── Supplied data

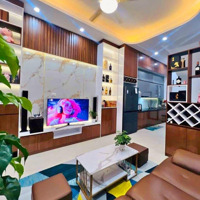 Bán Nhà Tập Thể Phương Mai, Đống Đa, 55M2, Ô Tô Đỗ Cửa, Nhà Đẹp, Ở Ngay, Gần Bv Bạch Mai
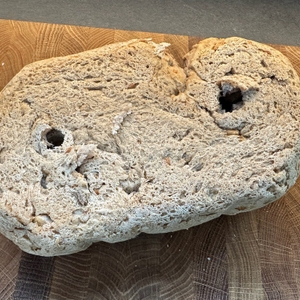 Auf der Unterseite des Brots aus dem Cecotec Bread&Co befinden sich zwei Löcher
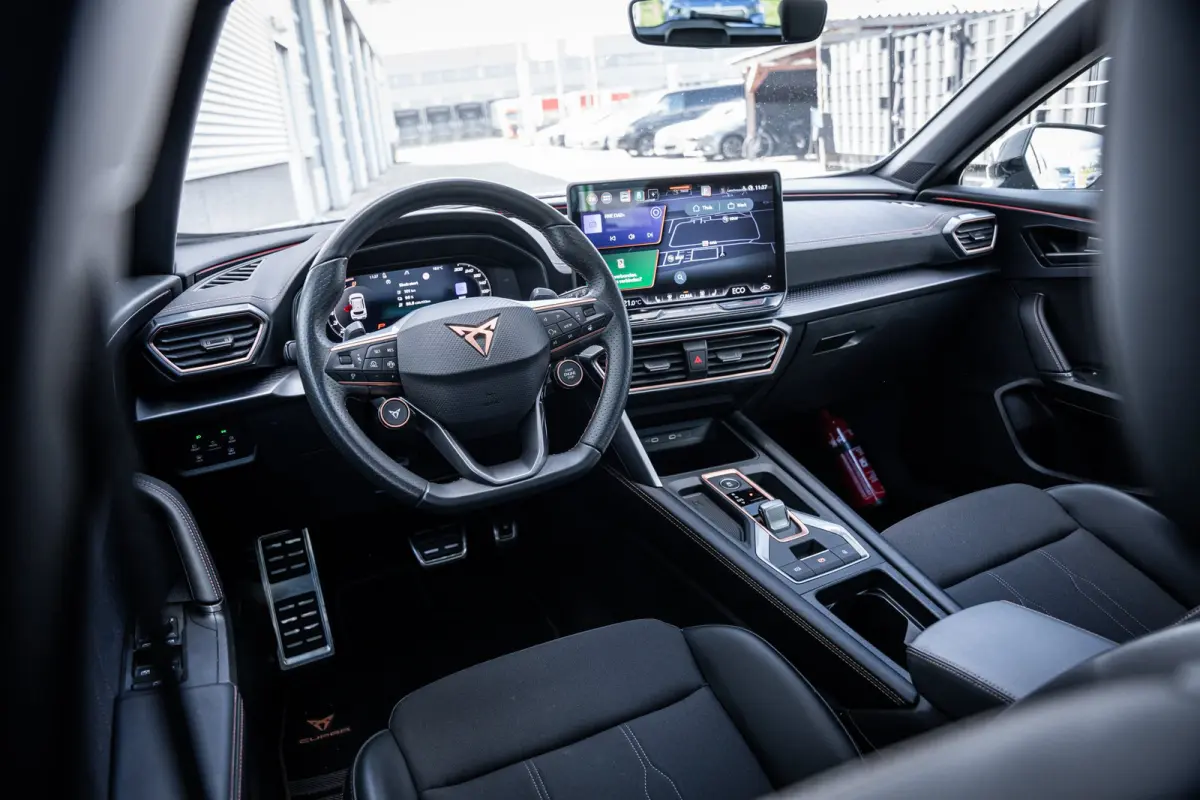 1.5 TSI e-Hybrid 150 kW | Airconditioning Climatronic 3-zones | Automatische afstandsregeling (Adaptive Cruise Control) | Full Link draadloze smartphone integratie: MirrorLink, Apple CarPlay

────

### Exercise objective
In your copy of the listing above, every line must match exactly and no picture may appear.

### Expected output
 Bán Nhà Tập Thể Phương Mai, Đống Đa, 55M2, Ô Tô Đỗ Cửa, Nhà Đẹp, Ở Ngay, Gần Bv Bạch Mai
 Auf der Unterseite des Brots aus dem Cecotec Bread&Co befinden sich zwei Löcher
 1.5 TSI e-Hybrid 150 kW | Airconditioning Climatronic 3-zones | Automatische afstandsregeling (Adaptive Cruise Control) | Full Link draadloze smartphone integratie: MirrorLink, Apple CarPlay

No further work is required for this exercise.